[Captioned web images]
★ ★ ★ ★ ★

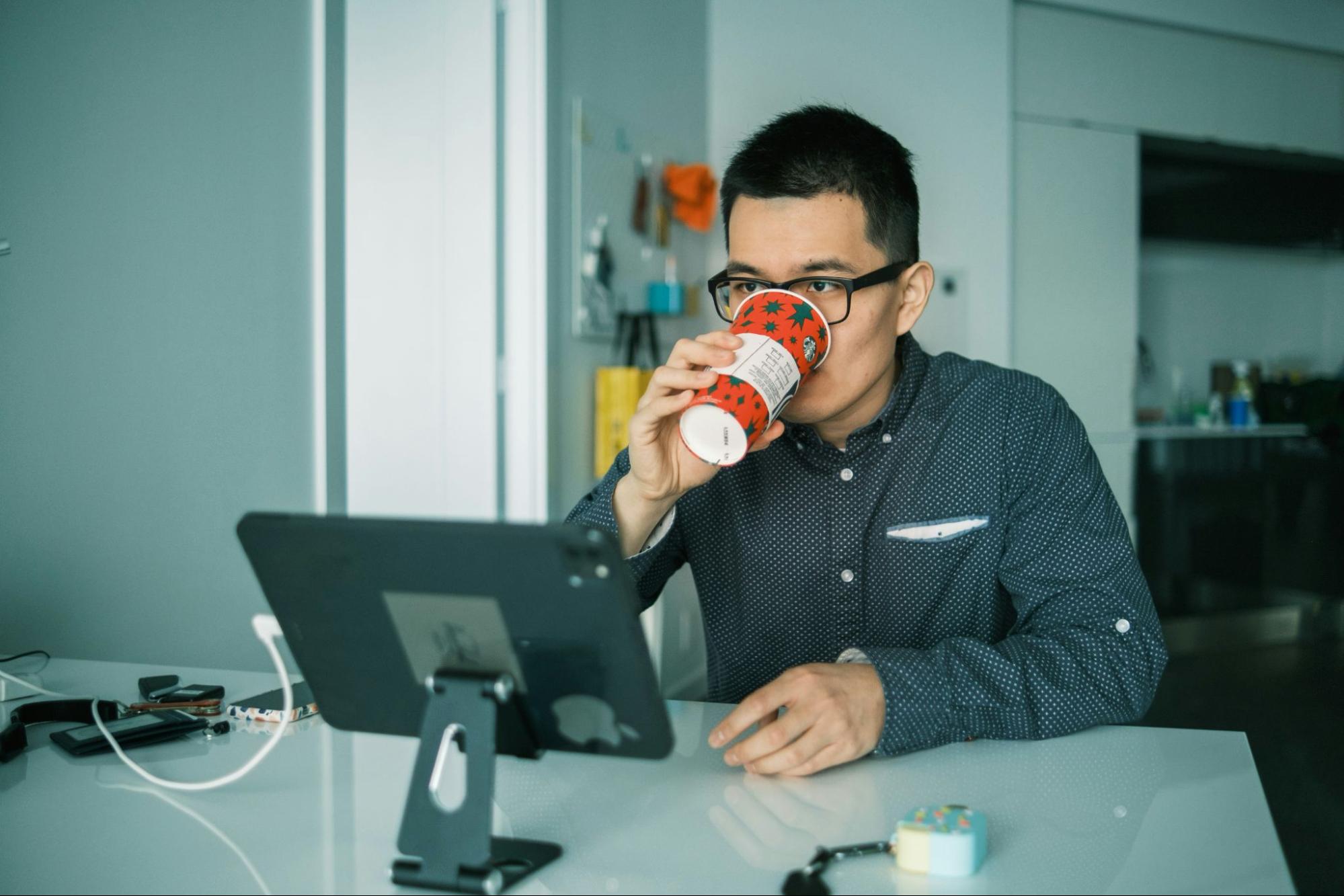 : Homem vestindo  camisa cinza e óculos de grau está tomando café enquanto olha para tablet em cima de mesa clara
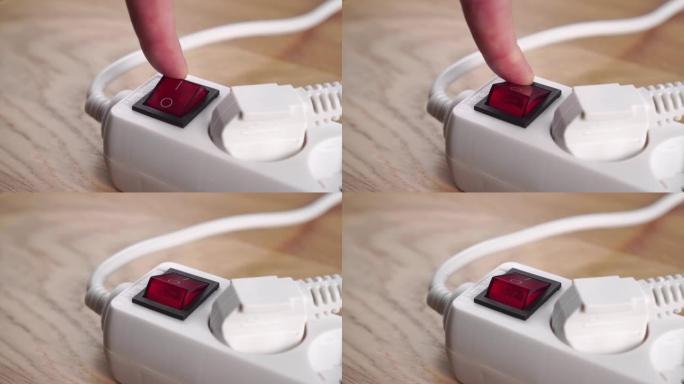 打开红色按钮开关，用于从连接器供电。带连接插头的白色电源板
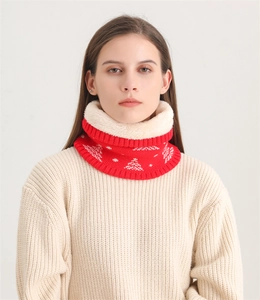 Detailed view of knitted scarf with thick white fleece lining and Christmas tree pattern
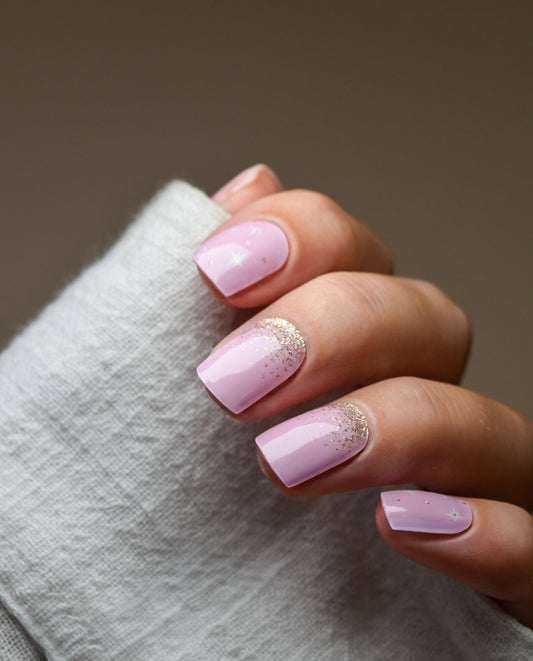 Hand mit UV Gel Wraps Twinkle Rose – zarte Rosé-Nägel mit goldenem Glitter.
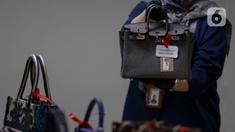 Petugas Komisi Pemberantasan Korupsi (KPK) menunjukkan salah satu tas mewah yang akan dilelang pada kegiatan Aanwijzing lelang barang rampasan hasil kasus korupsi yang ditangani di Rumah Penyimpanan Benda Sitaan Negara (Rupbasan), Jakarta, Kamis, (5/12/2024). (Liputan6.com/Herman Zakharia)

★ ★ ★ ★ ★

Exercise objective
Repeat the full set of records exactly, and output no pictures.

Exercise result
 : Homem vestindo  camisa cinza e óculos de grau está tomando café enquanto olha para tablet em cima de mesa clara
 打开红色按钮开关，用于从连接器供电。带连接插头的白色电源板
 Detailed view of knitted scarf with thick white fleece lining and Christmas tree pattern
 Hand mit UV Gel Wraps Twinkle Rose – zarte Rosé-Nägel mit goldenem Glitter.
 Petugas Komisi Pemberantasan Korupsi (KPK) menunjukkan salah satu tas mewah yang akan dilelang pada kegiatan Aanwijzing lelang barang rampasan hasil kasus korupsi yang ditangani di Rumah Penyimpanan Benda Sitaan Negara (Rupbasan), Jakarta, Kamis, (5/12/2024). (Liputan6.com/Herman Zakharia)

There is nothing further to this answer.